Alliteration and parallelism have been studied separately in several research papers. Their co-functioning has been addressed by Eduard Laugaste in a few pages of his doctorate thesis on alliteration in regilaul (1969: 184-188), which mainly focus on the question of whether words with a similar function and the same metrical slot alliterate similarly both in the main verse and in consecutive verses of a group of parallel verses.

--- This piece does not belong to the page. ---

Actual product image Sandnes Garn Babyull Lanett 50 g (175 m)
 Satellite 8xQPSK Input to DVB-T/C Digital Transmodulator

Wolfgang Steinitz (1934: 183) in his monograph on parallelism in the songs of Arhippa Perttunen confines himself to pointing out the importance of the relationship between alliteration and parallelism. Often discussion of the subject is limited to a mere statement that which words are chosen for use in parallel verses is solely determined by the need to alliterate (e.g. Leino 1974: 125). However, speaking about laments, Lauri Honko points out the significance of the role of parallelism for retaining the meaning of alliterating words: the reason why the idea of the sentence is not completely obscured because of this [i.e. the shifts in meaning caused by alliteration] is the continual repetition of the basic idea and the fact that the parallel expressions are recognizable as such (Honko 1974: 31).
We have to bear in mind that when a performer is following the requirements of poetic form and structure, it may not always be possible to use the most precise and adequate words in a certain context. This is why the chosen words might acquire a somewhat different meaning. By the phrase «alliterative haze» I mean the obscuring, changing, and extending of the conventional denotation of words when they are placed in alliterating combinations. Such obscuring of meaning within one verse might cause misunderstandings, but this, apparently, has not been the case with performers. On the one hand the meaning might be clearer because the traditional word combinations are already rooted in people's minds - after all, it is an established poetical idiom, on the other hand, it might just be that the use of parallelism that makes the understanding easier.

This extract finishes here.